Supreme Court denies Union Springs request to hear Cayuga Nation gaming case | Crime and Courts

The U.S. Supreme Court on Monday denied a petition from the the village of Union Springs to appeal lower court rulings that found the Cayuga Indian Nation of New York is exempt from a local gaming ordinance.

The high court’s denial exhausts the village’s legal attempts to force the nation to abide by a local law that would prohibit its Lakeside Entertainment electronic gaming hall from operating.

Monday’s denial upholds rulings made in July by the U.S. Second Circuit Court of Appeals and a U.S. District Court in March 2020 that the federal Indian Gaming Regulatory Act removes the village’s ability to enforce local gambling ordinances with the Cayuga Nation. Lakeside operates under a license from the National Indian Gaming Commission.

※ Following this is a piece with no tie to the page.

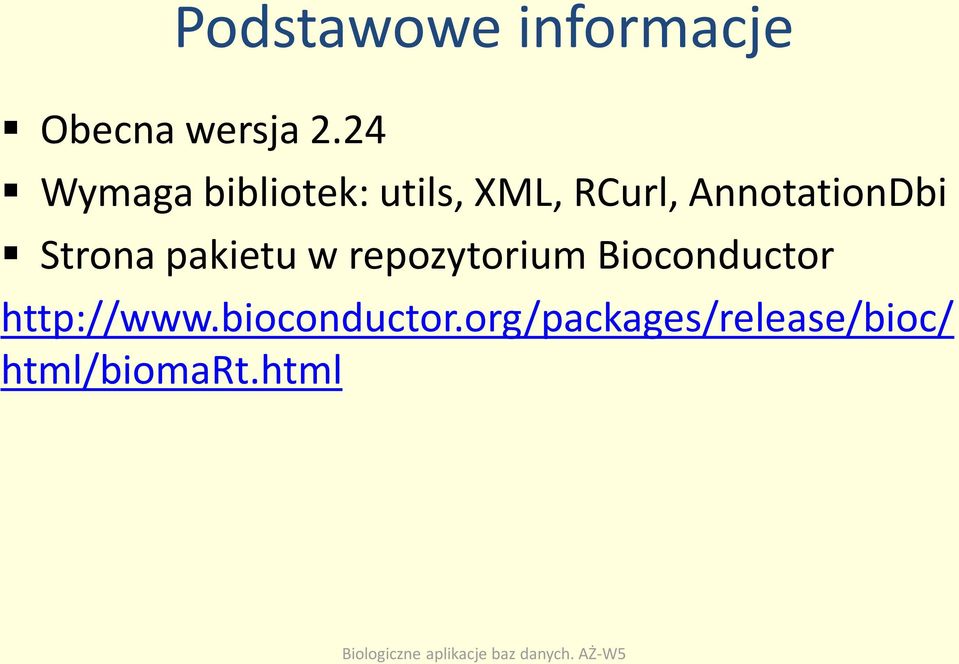 AnnotationDbi Strona pakietu w repozytorium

The village has argued in court that the nation had already pursued and lost its case to avoid local enforcement with previous litigation that began in the early 2000s, but the appeals court said that claim lacked merit because the Indian Gaming Regulatory Act was not a central issue in the old cases. Appeals court justices also rejected an argument that the district court misapplied a Supreme Court ruling related to sovereignty on lands Indian nations acquire on the open market.

Lakeside has been operating for several years under an injunction while the legal arguments have been working its way through the federal court system. The case stems from a 2014 Cayuga Nation lawsuit filed in response to action taken by the village code enforcement officer related to a 1958 village gaming ordinance.

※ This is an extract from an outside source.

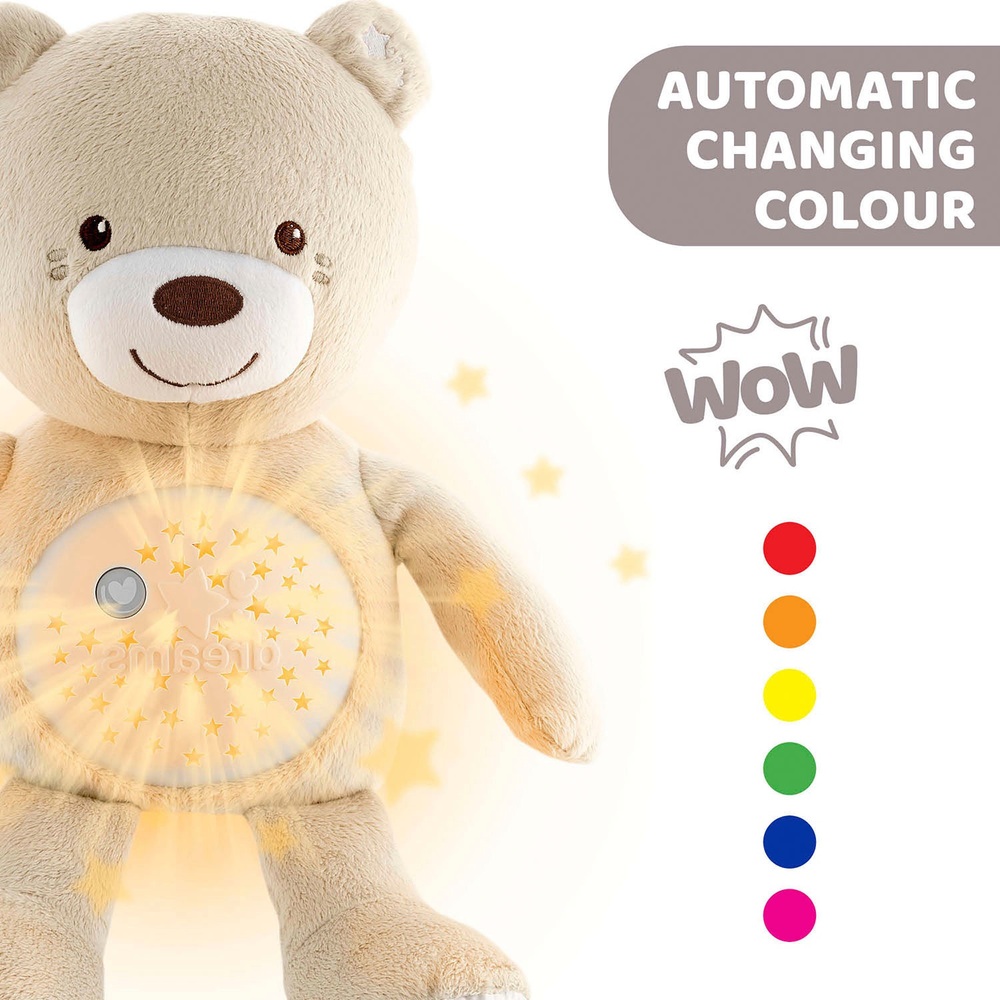 chicco teddy bear light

In the July ruling, the appeals court noted that the Indian Gaming Regulatory Act does not provide the nation with a immunity from from non-gaming ordinances.

Last year, the nation began working through the village’s building and site plan review process with respect to an expansion of the Lakeside Trading business. A second facility would offer 142 gaming machines, significantly more than the 86 machines in the existing gaming center. Plans also includes a 77-space parking lot to the north of the existing building.